Note on the complexity of deciding the rainbow connectedness for bipartite graphs

A path in an edge-colored graph is said to be a rainbow path if no two edges on the path have the same color. An edge-colored graph is (strongly) rainbow connected if there exists a rainbow (geodesic) path between every pair of vertices. The (strong) rainbow connection number of $G$, denoted by ($scr(G)$, respectively) $rc(G)$, is the smallest number of colors that are needed in order to make $G$ (strongly) rainbow connected. Though for a general graph $G$ it is NP-Complete to decide whether $rc(G)=2$, in this paper, we show that the problem becomes easy when $G$ is a bipartite graph. Moreover, it is known that deciding whether a given edge-colored (with an unbound number of colors) graph is rainbow connected is NP-Complete. We will prove that it is still NP-Complete even when the edge-colored graph is bipartite. We also show that a few NP-hard problems on rainbow connection are indeed NP-Complete.

💡 Research Summary

The paper investigates the computational complexity of determining rainbow connectivity and strong rainbow connectivity in graphs, with a particular focus on bipartite graphs. A rainbow path is a path whose edges all receive distinct colors; a graph is rainbow connected if every pair of vertices is joined by at least one rainbow path, and it is strongly rainbow connected if every pair is joined by a rainbow shortest‑path (geodesic). The rainbow connection number rc(G) and the strong rainbow connection number src(G) are the minimum numbers of colors needed to achieve these properties, respectively.

Previous work established that for general graphs the decision problem “rc(G)=2?” is NP‑Complete, and that for any fixed integer k≥3, deciding whether rc(G)≤k or src(G)≤k is NP‑hard. The authors first strengthen these hardness results to NP‑completeness. By showing that a certificate consisting of a k‑coloring can be verified in polynomial time—since one can enumerate all u‑v paths of length at most k (there are at most n^k of them) and check each for distinct colors—they prove that the problems “rc(G)≤k?” and “src(G)≤k?” belong to NP. Combined with the known NP‑hardness, this yields NP‑completeness for any fixed k≥2.

The paper then turns to bipartite graphs. Using a known formula for the rainbow connection number of complete bipartite graphs K_{s,t} (rc(K_{s,t}) = min{⌈s√t⌉, 4}), the authors observe that a bipartite graph can have rc(G)=2 only if it is a complete bipartite graph with parameters satisfying 2s≥t. Checking whether a given bipartite graph is complete and whether its part sizes meet this inequality can be done in linear time, so the decision problem “rc(G)=2?” becomes polynomial‑time solvable for bipartite graphs. As a corollary, they note that “rc(G)=3?” remains NP‑Complete even on bipartite graphs.

The final major contribution concerns edge‑colored graphs where the number of colors is unbounded. It is known that, for arbitrary graphs, deciding whether a given coloring makes the graph rainbow connected is NP‑Complete.
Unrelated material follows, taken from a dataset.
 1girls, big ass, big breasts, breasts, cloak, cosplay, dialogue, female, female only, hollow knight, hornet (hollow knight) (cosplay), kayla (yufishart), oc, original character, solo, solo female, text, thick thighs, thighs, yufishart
The authors prove that this remains true when the underlying graph is bipartite. They construct a polynomial‑time reduction: each edge e of the original graph G is subdivided by a new vertex v_e, producing a bipartite graph G′ with bipartition (X = V(G), Y = {v_e}). The original colors are retained on the edges incident to the original endpoints, while each new edge receives a fresh, unique color. They show that G is rainbow connected under the original coloring if and only if G′ is rainbow connected under the constructed coloring. Hence the rainbow‑connectivity verification problem is NP‑Complete for edge‑colored bipartite graphs.

In summary, the paper establishes three key results: (1) the rc(G)=2 decision problem, hard for general graphs, is tractable for bipartite graphs; (2) for any fixed integer k≥2, both rc(G)≤k and src(G)≤k are NP‑Complete, upgrading earlier NP‑hardness findings; (3) verifying rainbow connectivity of an arbitrarily colored bipartite graph remains NP‑Complete. These contributions clarify the boundary between easy and hard instances of rainbow connectivity problems and reinforce the theoretical understanding of this graph‑theoretic concept.